This is the class built for check Dutch Id Cards:

from ..base.countries_ops import *
from ..base.functions import hash_is_ok
from .td1 import TD1CodeChecker

import mrz.base.string_checkers as check

__all__ = ["TD1DutchCodeChecker", "code_list", "countries_list", "countries_code_list", "code_country_list",
           "is_country", "is_code", "get_code", "get_country", "find_country"]
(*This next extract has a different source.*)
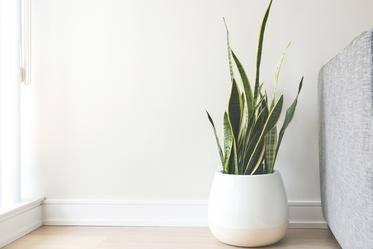 White wall with plant and sofa - Burst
class TD1DutchCodeChecker(TD1CodeChecker):
    """
    Check the string code of the machine readable zone for dutch TD1

    __bool__() returns True if all fields are validated, False otherwise

    Params:
        mrz_string        (str):  MRZ string of td1s. Must be 90 uppercase characters long
        check_expiry     (bool):  If it's set to True, it is verified and reported as warning that the
                                  document is not expired and that expiry_date is not greater than 10 years
        compute_warnings (bool):  If it's set True, warnings compute as False

    """
    def __init__(self, mrz_code: str, check_expiry=False, compute_warnings=False):
        TD1CodeChecker.__init__(self, mrz_code, check_expiry, compute_warnings)

    @property
    def optional_data(self) -> bool:
        """Return True if the format of the optional data field is validated, False otherwise."""
        s = self._optional_data
        return True if check.is_empty(s) else self._report("id number format", check.is_printable(s))

    @property
    def optional_data_hash(self):
        self._optional_data_hash = self.mrz_code.splitlines()[0][29]
        self._optional_data = self.mrz_code.splitlines()[0][15: 29]
        return self._report("id number hash", hash_is_ok(self._optional_data, self._optional_data_hash))
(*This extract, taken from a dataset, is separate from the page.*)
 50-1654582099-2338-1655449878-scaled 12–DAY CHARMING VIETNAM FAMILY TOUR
    def _all_hashes(self) -> bool:
        return (self.final_hash &
                self.document_number_hash &
                self.birth_date_hash &
                self.expiry_date_hash &
                self.optional_data_hash)

Usage:

from mrz.checker.td1_dutch import TD1DutchCodeChecker

mrz_code = ("I<NLDARRE84NB20123456789<<<<<7\n"  # '7' is an aditional hash not included in TD1 ICAO specifications
            "9901236M3012235NLD<<<<<<<<<<<2\n"
            "SMITH<<JOHN<JOEY<<<<<<<<<<<<<<")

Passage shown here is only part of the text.